Both staff and council members remarked that widening sightlines along streets tends make motorists think they can drive faster.
As an alternative, council member Tai Huynh inquired about the potential for adding a physical barrier to improve safety if the Town chooses a curb-running lane design. Staff said this could be done, but that NCDOT tends to be more conservative in its design choices and the Town would have to seek approval from the agency.
Councilperson Michael Parker said he sees two major challenges: sight triangles — the area around an intersection that must afford unobstructed views — impact parking and the loss of existing parking spots downtown. Stegman later said that this is a time for Chapel Hill to experiment with traffic solutions and make downtown less car-centric.
“We want it to be a place where bikers, pedestrians, families all want to go and spend time, and I think the less car-ish it feels the more we’re going to get there,” she said. “So this is an opportunity to try that.”
Stegman also said losing some parking spaces is acceptable since it seems that patrons downtown don’t mind walking from a parking lot to a storefront.
Cash on hand
Following the discussion of road maintenance was an update on the Town’s engagement approach for prioritizing how to spend monies awarded to Chapel Hill by the American Rescue Plan Act (ARPA).
The legislation has earmarked over $10 million to the Town, half of which arrived in May 2021. Poulton shared with the council that further guidance had been handed down from the federal government clarifying some issues on how the funds can be spent.
She also shared feedback from community members on spending priorities for the ARPA funds. The public ranked “support public health” the most important spending priority, followed in order of importance by “address negative economic impact of pandemic,” “replace Town revenue lost in the pandemic” and “invest in water and sewer infrastructure.”
Other possible avenues proposed by residents included supporting mental health improvement efforts, supporting local businesses, offering career development and expanding affordable housing.
With respect to replacing Town revenue, business management director Amy Oland said federal guidance states the Town can make a one-time allocation of $10 million instead of calculating revenue loss due to the pandemic over the next four years.
Many council members said that the group of residents who participated in the survey lacked demographic diversity, as over 70% of respondents were white. Councilperson Paris Miller-Foushee said the money should be given to transformative projects and said she would like to see ideas from stakeholders in marginalized communities about how they would use the money.
She also said that she does not consider the Town’s existing advisory boards an appropriate next step for helping prioritize funds, citing the boards’ lack of diversity.
Councilperson Adam Searing echoed that sentiment.

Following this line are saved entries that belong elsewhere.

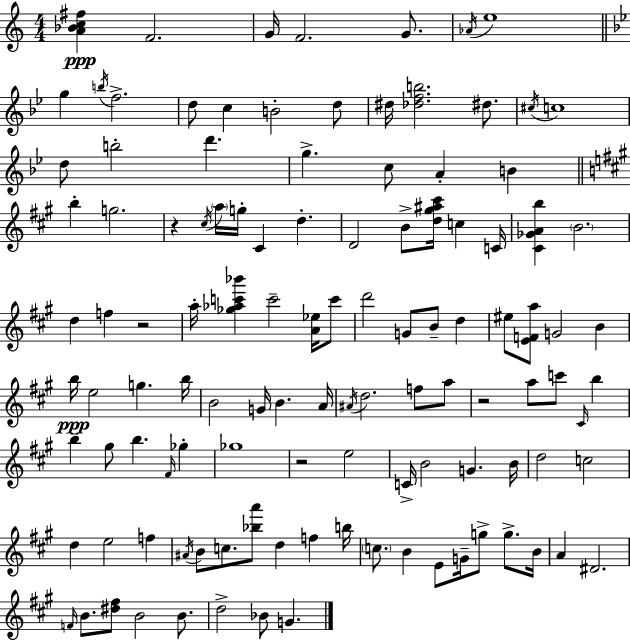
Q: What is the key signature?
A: C major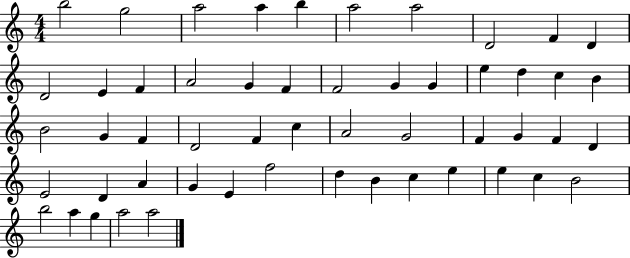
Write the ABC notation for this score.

X:1
T:Untitled
M:4/4
L:1/4
K:C
b2 g2 a2 a b a2 a2 D2 F D D2 E F A2 G F F2 G G e d c B B2 G F D2 F c A2 G2 F G F D E2 D A G E f2 d B c e e c B2 b2 a g a2 a2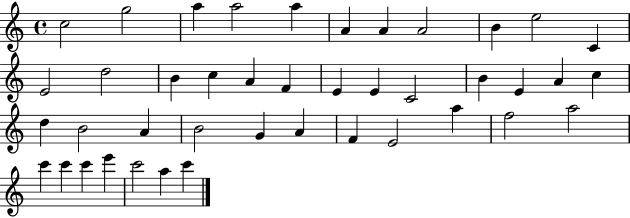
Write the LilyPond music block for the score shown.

{
  \clef treble
  \time 4/4
  \defaultTimeSignature
  \key c \major
  c''2 g''2 | a''4 a''2 a''4 | a'4 a'4 a'2 | b'4 e''2 c'4 | \break e'2 d''2 | b'4 c''4 a'4 f'4 | e'4 e'4 c'2 | b'4 e'4 a'4 c''4 | \break d''4 b'2 a'4 | b'2 g'4 a'4 | f'4 e'2 a''4 | f''2 a''2 | \break c'''4 c'''4 c'''4 e'''4 | c'''2 a''4 c'''4 | \bar "|."
}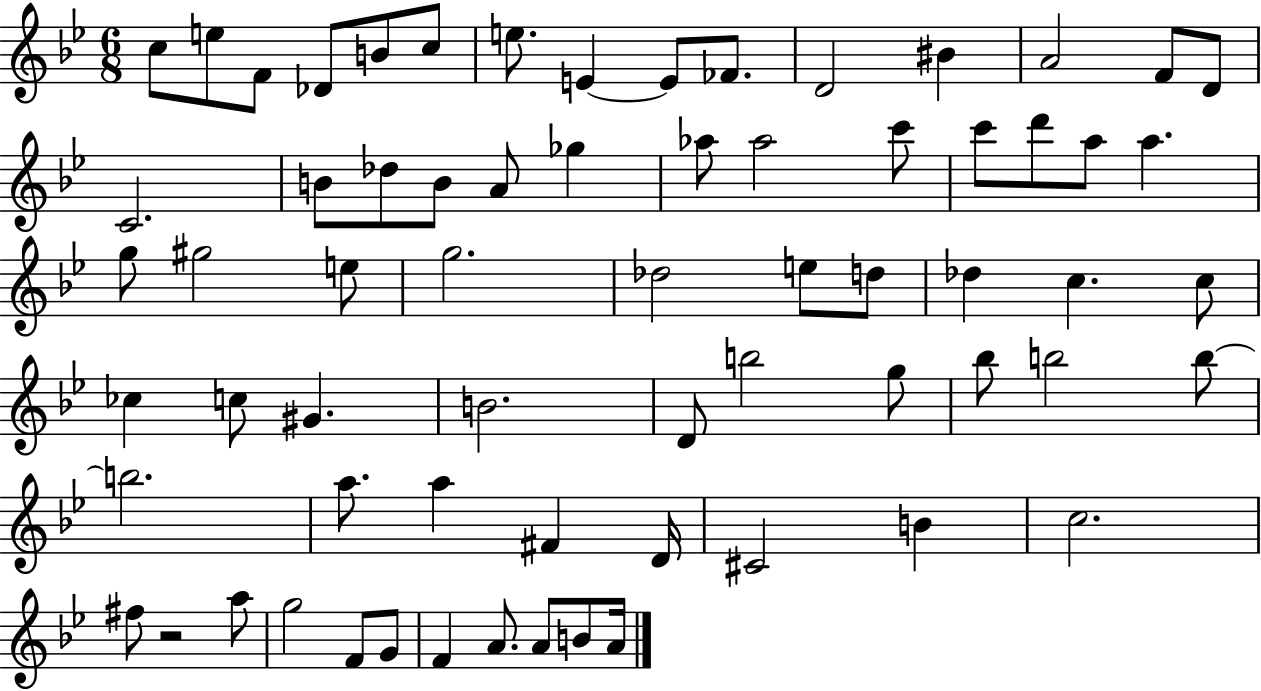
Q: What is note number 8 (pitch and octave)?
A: E4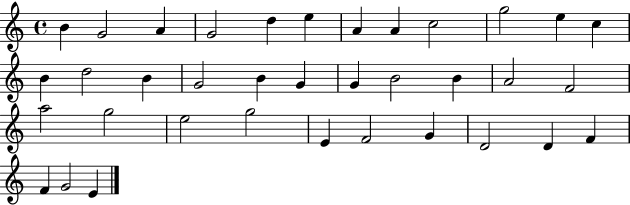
B4/q G4/h A4/q G4/h D5/q E5/q A4/q A4/q C5/h G5/h E5/q C5/q B4/q D5/h B4/q G4/h B4/q G4/q G4/q B4/h B4/q A4/h F4/h A5/h G5/h E5/h G5/h E4/q F4/h G4/q D4/h D4/q F4/q F4/q G4/h E4/q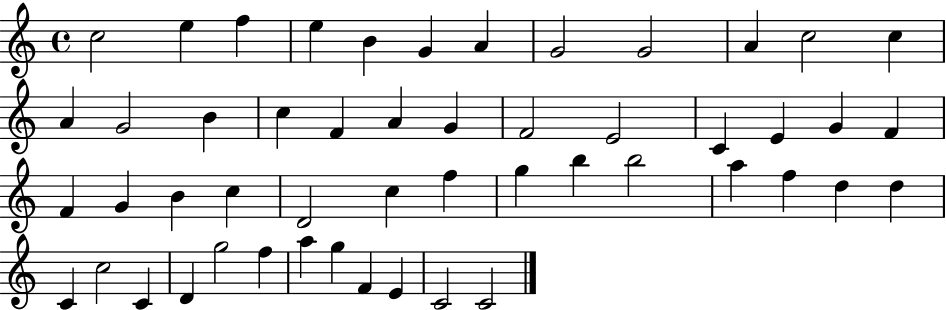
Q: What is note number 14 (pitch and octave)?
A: G4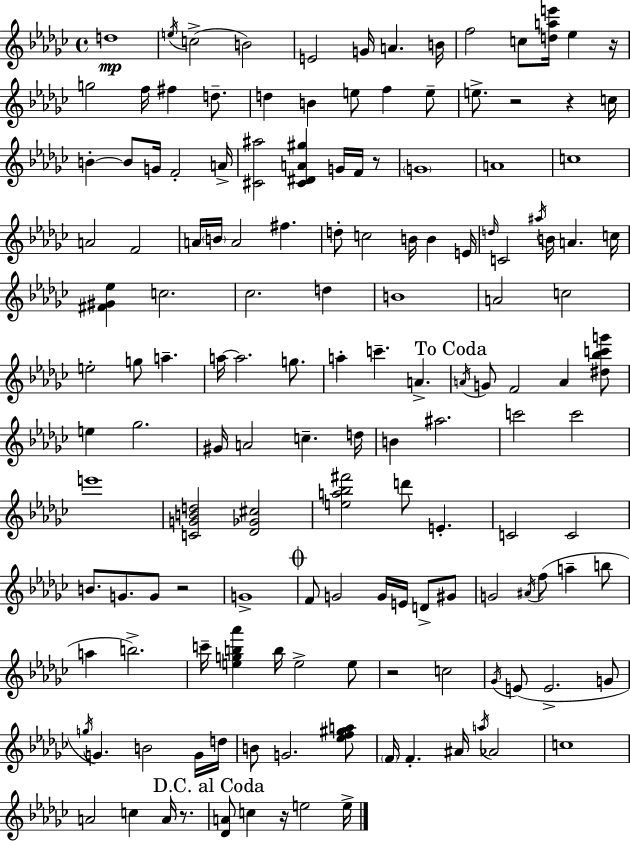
{
  \clef treble
  \time 4/4
  \defaultTimeSignature
  \key ees \minor
  d''1\mp | \acciaccatura { e''16 }( c''2-> b'2) | e'2 g'16 a'4. | b'16 f''2 c''8 <d'' a'' e'''>16 ees''4 | \break r16 g''2 f''16 fis''4 d''8.-- | d''4 b'4 e''8 f''4 e''8-- | e''8.-> r2 r4 | c''16 b'4-.~~ b'8 g'16 f'2-. | \break a'16-> <cis' ais''>2 <cis' dis' a' gis''>4 g'16 f'16 r8 | \parenthesize g'1 | a'1 | c''1 | \break a'2 f'2 | a'16 \parenthesize b'16 a'2 fis''4. | d''8-. c''2 b'16 b'4 | e'16 \grace { d''16 } c'2 \acciaccatura { ais''16 } b'16 a'4. | \break c''16 <fis' gis' ees''>4 c''2. | ces''2. d''4 | b'1 | a'2 c''2 | \break e''2-. g''8 a''4.-- | a''16~~ a''2. | g''8. a''4-. c'''4.-- a'4.-> | \mark "To Coda" \acciaccatura { a'16 } g'8 f'2 a'4 | \break <dis'' bes'' c''' g'''>8 e''4 ges''2. | gis'16 a'2 c''4.-- | d''16 b'4 ais''2. | c'''2 c'''2 | \break e'''1 | <c' g' b' d''>2 <des' ges' cis''>2 | <e'' a'' bes'' fis'''>2 d'''8 e'4.-. | c'2 c'2 | \break b'8. g'8. g'8 r2 | g'1-> | \mark \markup { \musicglyph "scripts.coda" } f'8 g'2 g'16 e'16 | d'8-> gis'8 g'2 \acciaccatura { ais'16 } f''8( a''4-- | \break b''8 a''4 b''2.->) | c'''16-- <e'' g'' b'' aes'''>4 b''16 e''2-> | e''8 r2 c''2 | \acciaccatura { ges'16 }( e'8 e'2.-> | \break g'8 \acciaccatura { g''16 }) g'4. b'2 | g'16 d''16 b'8 g'2. | <ees'' f'' gis'' a''>8 \parenthesize f'16 f'4.-. ais'16 \acciaccatura { a''16 } | aes'2 c''1 | \break a'2 | c''4 a'16 r8. \mark "D.C. al Coda" <des' a'>8 c''4 r16 e''2 | e''16-> \bar "|."
}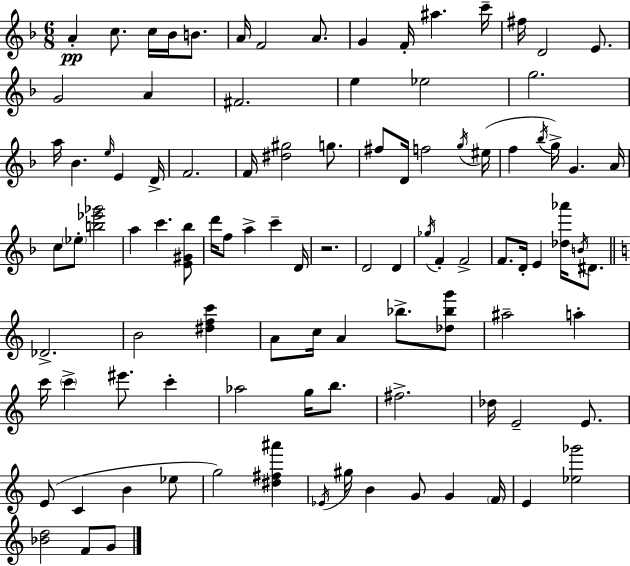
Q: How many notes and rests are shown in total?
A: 101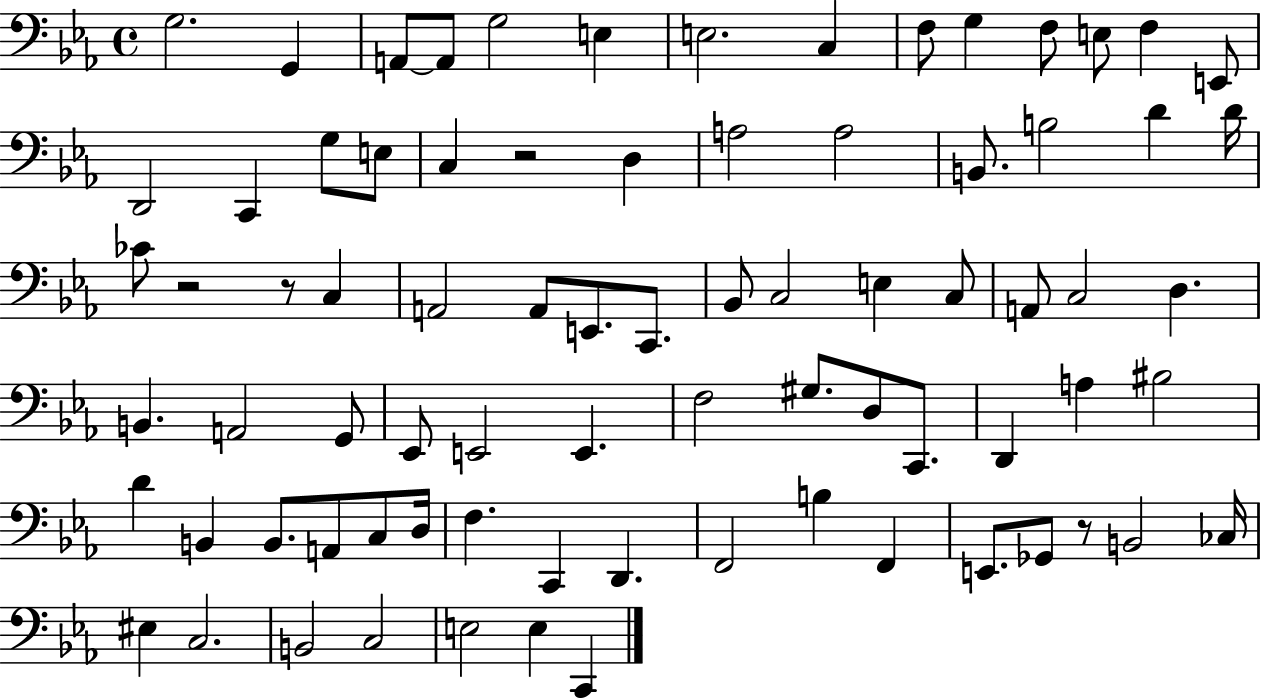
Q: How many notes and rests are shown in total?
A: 79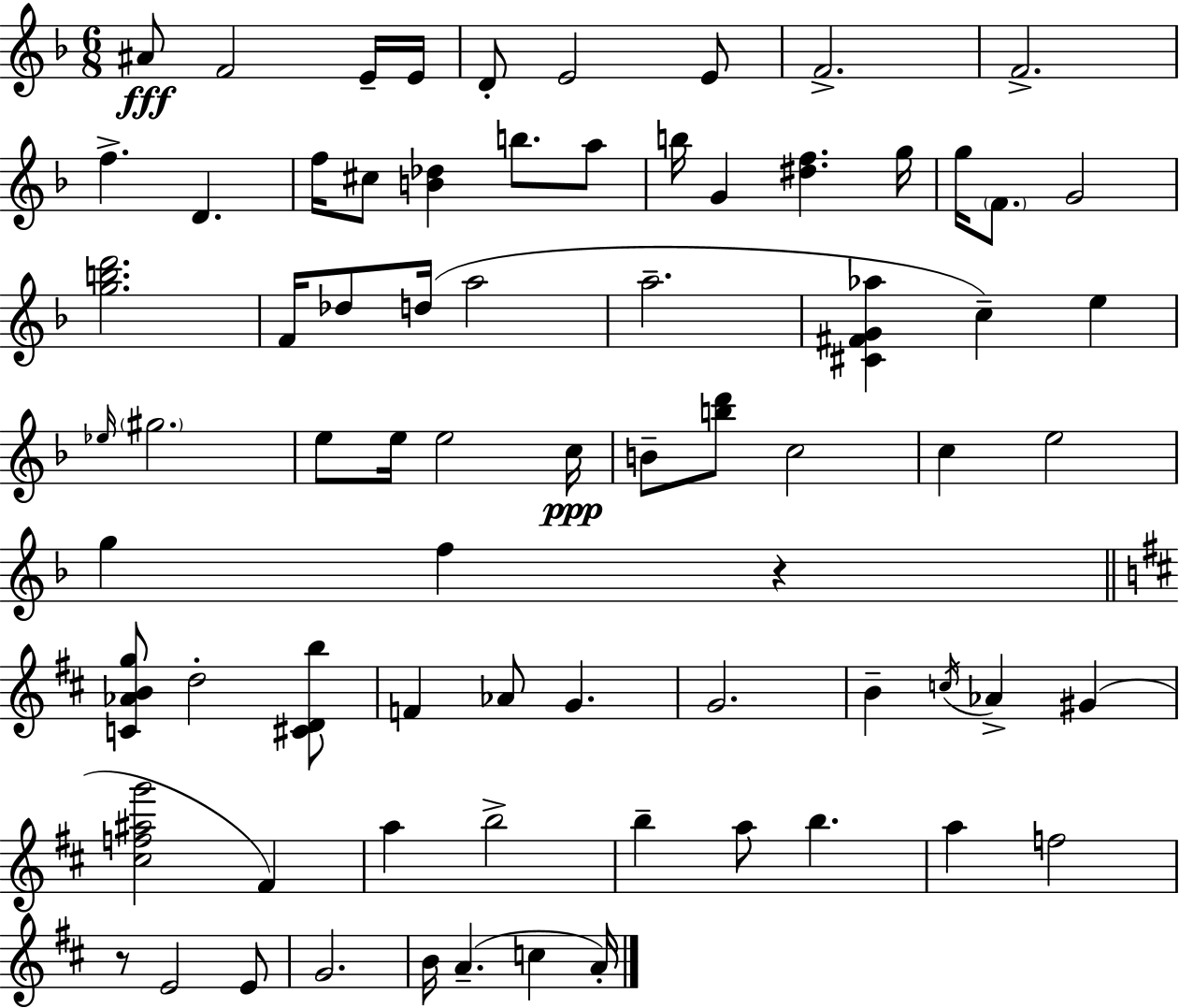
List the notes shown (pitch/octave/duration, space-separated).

“I wouldn’t want to give out this money piecemeal,” he said. “It’s really an opportunity to recover [from the pandemic.]”
Ryan also said transformative endeavors should be prioritized, but some of the funding should go toward communities that were hit hardest by COVID-19. Councilperson Jessica Anderson added the council uses a recovery-focused lens to make sure citizens are also getting the “bigger picture of where the council wants to go.”
She also said it should address issues now that would cost more if handled later.